JEAN-LOUIS GRINDA, metteur en scène
Né en 1960 à Monaco, directeur de l’Opéra de Monte-Carlo, Jean-Louis
Grinda est titulaire d’une licence d’économie et de droit, avant de se diriger vers une carrière lyrique, qu’il entame au Théâtre d’Avignon.
Directeur-adjoint du Grand Théâtre de Reims où il sera directeur artistique
durant dix années, il assume une dizaine de productions par an portant sur
le répertoire allant de Mozart à Rossini et à Richard Strauss, Janacek, choisissant des œuvres rarement jouées, avant d’aborder le répertoire contemporain, dont « Lulu », « La Mort de Danton »… En 1999, il signe l’adaptation française et la mise en scène de « Singing in the rain » à Paris, production qui obtint en 2001, le « Molière » du meilleur spectacle musical.

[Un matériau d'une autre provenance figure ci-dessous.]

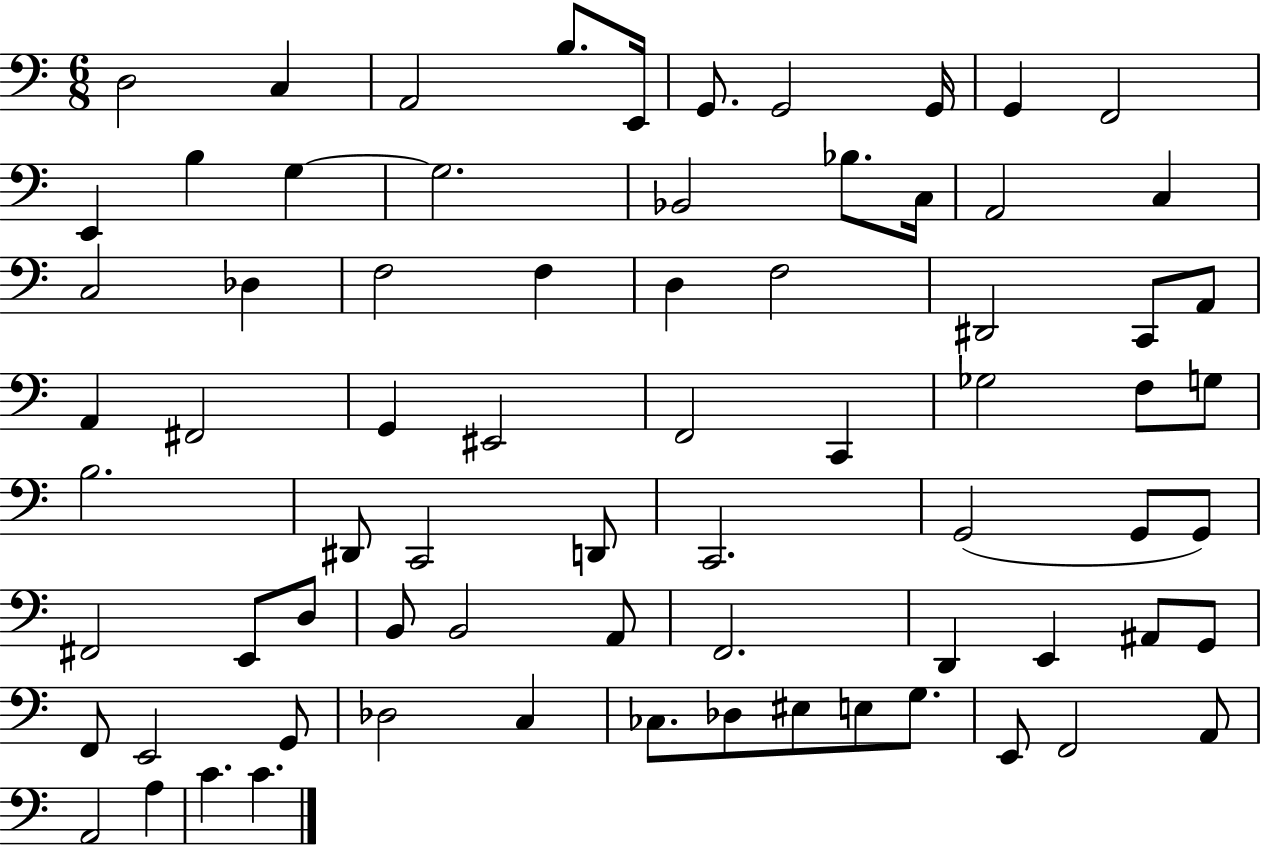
X:1
T:Untitled
M:6/8
L:1/4
K:C
D,2 C, A,,2 B,/2 E,,/4 G,,/2 G,,2 G,,/4 G,, F,,2 E,, B, G, G,2 _B,,2 _B,/2 C,/4 A,,2 C, C,2 _D, F,2 F, D, F,2 ^D,,2 C,,/2 A,,/2 A,, ^F,,2 G,, ^E,,2 F,,2 C,, _G,2 F,/2 G,/2 B,2 ^D,,/2 C,,2 D,,/2 C,,2 G,,2 G,,/2 G,,/2 ^F,,2 E,,/2 D,/2 B,,/2 B,,2 A,,/2 F,,2 D,, E,, ^A,,/2 G,,/2 F,,/2 E,,2 G,,/2 _D,2 C, _C,/2 _D,/2 ^E,/2 E,/2 G,/2 E,,/2 F,,2 A,,/2 A,,2 A, C C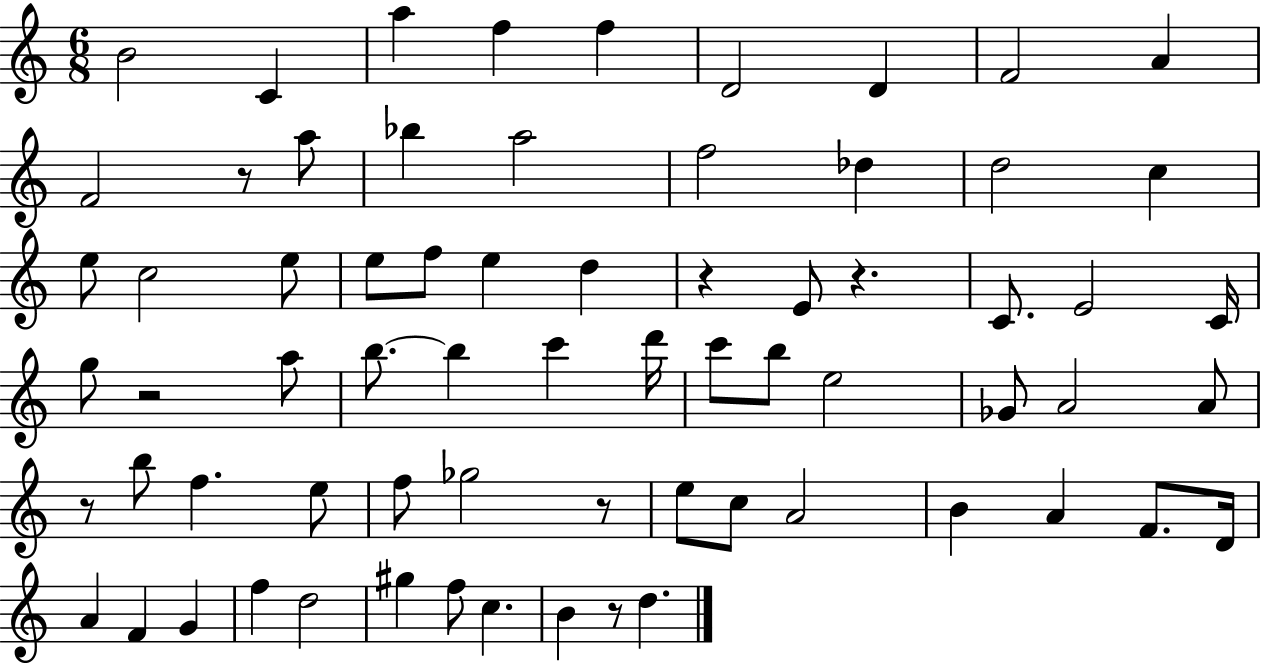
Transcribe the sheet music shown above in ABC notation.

X:1
T:Untitled
M:6/8
L:1/4
K:C
B2 C a f f D2 D F2 A F2 z/2 a/2 _b a2 f2 _d d2 c e/2 c2 e/2 e/2 f/2 e d z E/2 z C/2 E2 C/4 g/2 z2 a/2 b/2 b c' d'/4 c'/2 b/2 e2 _G/2 A2 A/2 z/2 b/2 f e/2 f/2 _g2 z/2 e/2 c/2 A2 B A F/2 D/4 A F G f d2 ^g f/2 c B z/2 d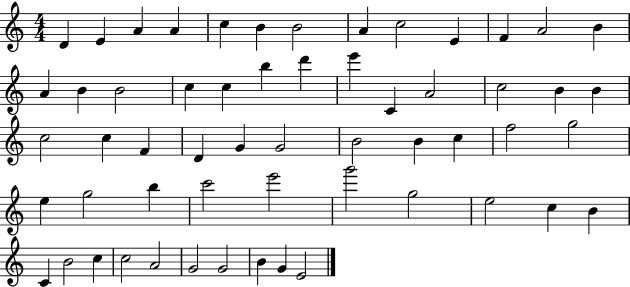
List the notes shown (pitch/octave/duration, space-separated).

D4/q E4/q A4/q A4/q C5/q B4/q B4/h A4/q C5/h E4/q F4/q A4/h B4/q A4/q B4/q B4/h C5/q C5/q B5/q D6/q E6/q C4/q A4/h C5/h B4/q B4/q C5/h C5/q F4/q D4/q G4/q G4/h B4/h B4/q C5/q F5/h G5/h E5/q G5/h B5/q C6/h E6/h G6/h G5/h E5/h C5/q B4/q C4/q B4/h C5/q C5/h A4/h G4/h G4/h B4/q G4/q E4/h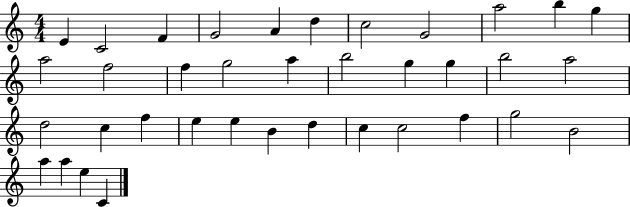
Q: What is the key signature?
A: C major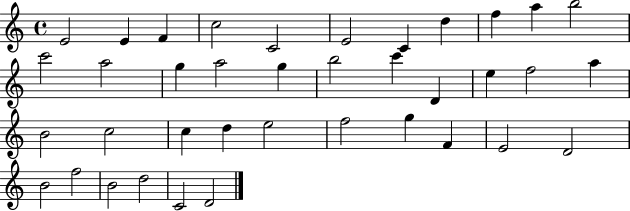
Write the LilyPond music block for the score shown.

{
  \clef treble
  \time 4/4
  \defaultTimeSignature
  \key c \major
  e'2 e'4 f'4 | c''2 c'2 | e'2 c'4 d''4 | f''4 a''4 b''2 | \break c'''2 a''2 | g''4 a''2 g''4 | b''2 c'''4 d'4 | e''4 f''2 a''4 | \break b'2 c''2 | c''4 d''4 e''2 | f''2 g''4 f'4 | e'2 d'2 | \break b'2 f''2 | b'2 d''2 | c'2 d'2 | \bar "|."
}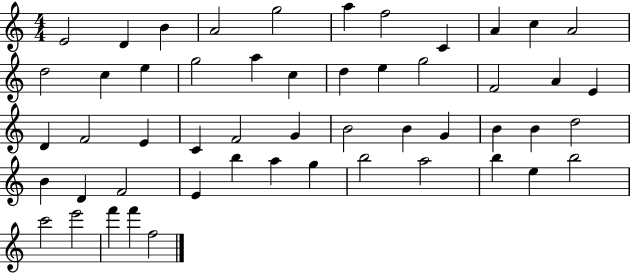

On lui doit aussi l’adaptation française de « Titanic ». Deux ans plus tard,
il entreprend la mise en scène de la « Tétralogie » de Wagner, achevée en
2005, par la reprise totale du cycle.
Il a mis également en scène et adapté de nombreuses œuvres dont « Marius
et Fanny » de Cosma en Avignon et l’adaptation lyrique de la trilogie de
Pagnol.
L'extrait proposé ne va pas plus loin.